Steven Ngo stands at a park in Vancouver on May 6, 2021.Jimmy Jeong/The Globe and Mail
A Vancouver lawyer is calling on the Vancouver Police Department to improve its hate crime reporting system to ensure its online complaint process is translated into multiple languages.
Steve Ngo said garbage was thrown at his car and the perpetrator hurled racial slurs at him last month. When he tried to phone the police to report the event, he was on the line for over half an hour and no one picked up. So he attempted to make the complaint online and found the hate crime reporting form was only available in traditional and simplified Chinese. But Mr. Ngo, who was born in Canada, does not read the language.
Now, Mr. Ngo and other members of the Asian Canadian community have translated the form into eight languages including English, Vietnamese, Tagalog, Korean and Japanese. The group is calling on Vancouver Police to adopt the new form.
“I personally had to do a Google Translate to access police services. There must be hundreds of others who are simply stuck and have nowhere to go,” Mr. Ngo said. “People are bleeding right now [and] are suffering … We have to act now.”
Vancouver Police Board reported in February that anti-Asian hate-crime incidents rose to 98 in 2020 from 12 in 2019.
Sergeant Steve Addison of the Vancouver Police Department said the force is reviewing its processes for reporting hate-crimes, but no decisions have been made.
He said online forms were created last year after Vancouver experienced a spike in hate crimes against people who appear East Asian. He noted many of these crimes occurred in Chinatown and Strathcona, where many people are of Chinese descent.
“Since their creation, the forms have been used very infrequently,” he said, adding the police always encourage people to call 911 or the VPD non-emergency line to report a crime in the first instance, and the forms were meant to be an extra option for people who wished to report incidents.
Many forces in Canada such as the RCMP and Toronto Police Service still rely on people coming in person or phoning when they wish to report a hate incident. There is no online option.
In Ottawa, an online form is available in English only. In Montreal, online hate incidents must be reported in either English or French.
Constable Laura Brabant of Toronto Police Service said hate crimes are a service priority, so she encourages people to call the police so officers can be dispatched to a scene quickly.
But Irfan Chaudhry, director of MacEwan University’s Office of Human Rights, Diversity, and Equity in Edmonton, said while a phone call makes the most sense if an urgent matter occurs, increased demands on police services across the country mean there may not be an immediate response.

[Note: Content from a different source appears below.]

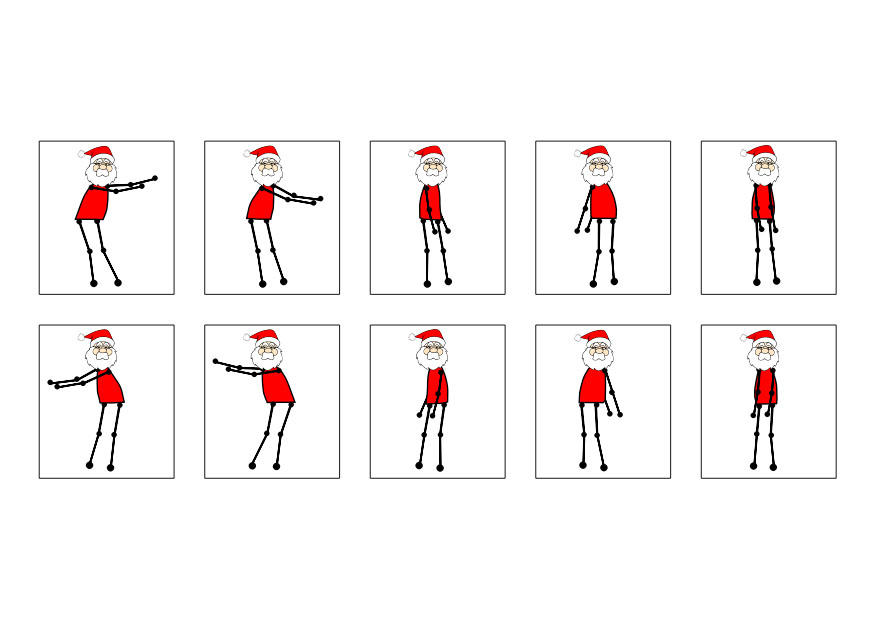 Afbeelding kerstman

“And so I think having that option of whether a phone call to 911, follow up with the hate crime police officer or an online space to be able to at least validate and document what had happened. Those are ways that can supplement,” he said in an interview.

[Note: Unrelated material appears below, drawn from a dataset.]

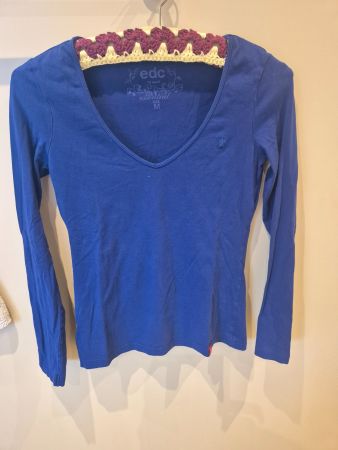 Langarmshirt edc by Esprit blau Grösse M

Inspector Marie-Claude Dandenault, who oversees Montreal Police Department’s hate crimes unit, said the force will scramble an officer who speaks a victim’s language to come handle their report in person if they cannot fill in the online form in English or French. Or, she said, if no one is available, they have contracted out these translation services to a firm.
B.C. RCMP’s Janelle Shoihet said in B.C., the RCMP has officers who speak more than 100 languages, who may be called upon to take a report. Where no officer is available, they may rely on a friend or family member to interpret, or in some cases engage an interpretation service.

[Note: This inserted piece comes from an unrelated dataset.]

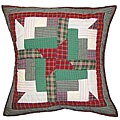 Cranberry Pinwheel 16-inch Throw Pillows (Set of 2)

Sgt. Addison said the VPD work force speaks more than 50 languages.
Prof. Chaudhry said a major obstacle for people to report a hate-motivated incident is their belief that police won’t take effective action.
He explained that hate crime laws in Canada are fairly limited, so many complaints don’t meet the threshold of hate crime, as defined by the Criminal Code. But then, that’s where people feel there’s an ineffectiveness of policing, he said.
“And so that’s where I think being able to provide other options for at least documenting and providing people a space to report. At least people know there’s a space that these things to get taken seriously and that these experiences, as unfortunate as they are, will get validated through different community networks of support.”